◆ PROBLEM DETAILS
Your answer should be an exact copy of the lines from the one containing "Meyda Lighting Christian" through the last line of the records below, without any pictures.

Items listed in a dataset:
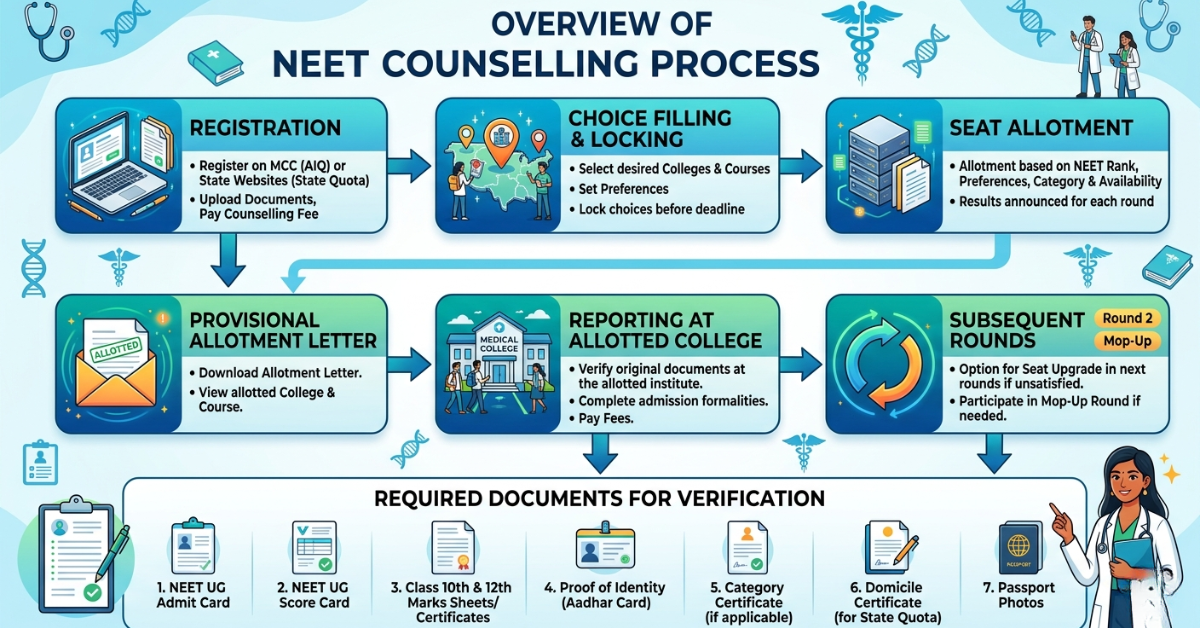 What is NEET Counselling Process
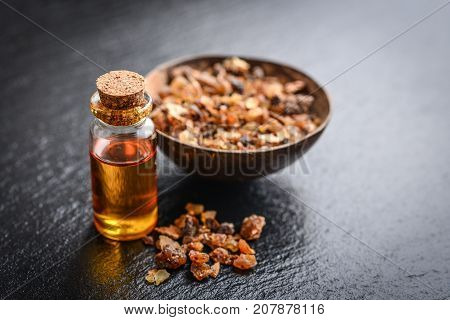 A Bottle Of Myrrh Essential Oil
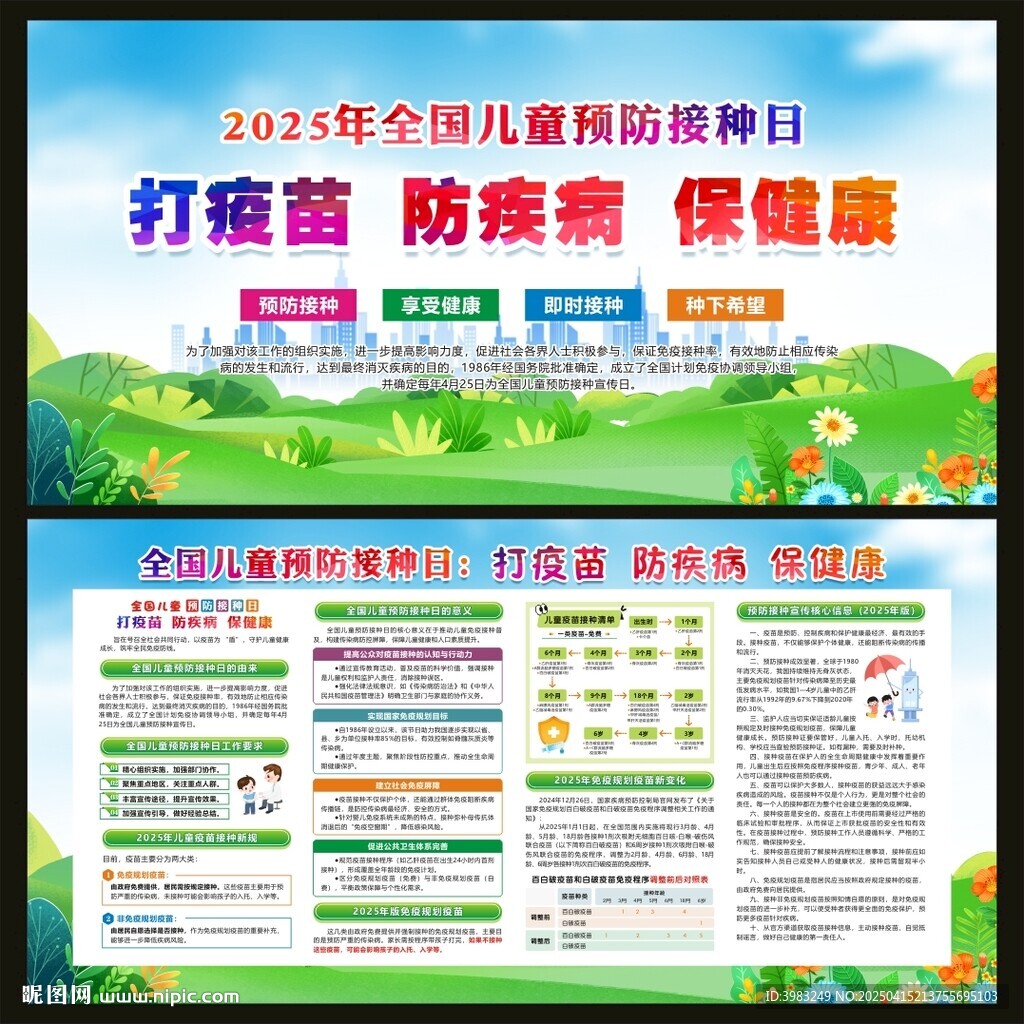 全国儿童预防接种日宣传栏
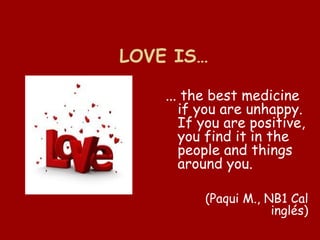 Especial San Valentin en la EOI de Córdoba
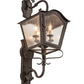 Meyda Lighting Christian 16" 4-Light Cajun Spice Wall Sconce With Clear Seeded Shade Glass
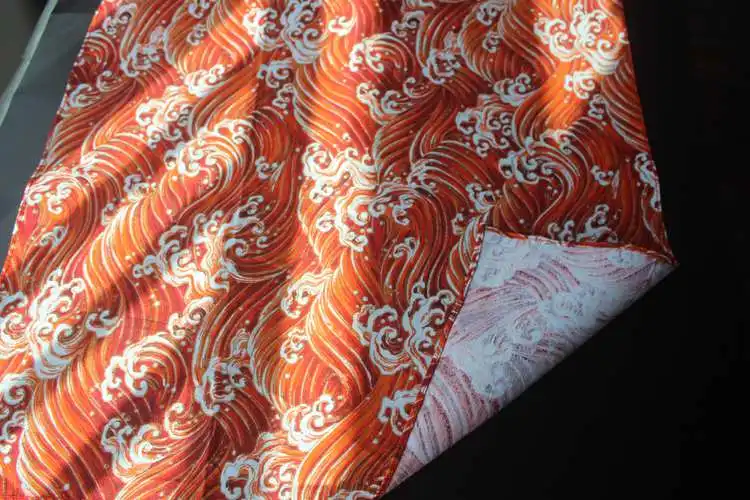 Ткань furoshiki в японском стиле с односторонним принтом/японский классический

◆ TASK OUTPUT
 Meyda Lighting Christian 16" 4-Light Cajun Spice Wall Sconce With Clear Seeded Shade Glass
 Ткань furoshiki в японском стиле с односторонним принтом/японский классический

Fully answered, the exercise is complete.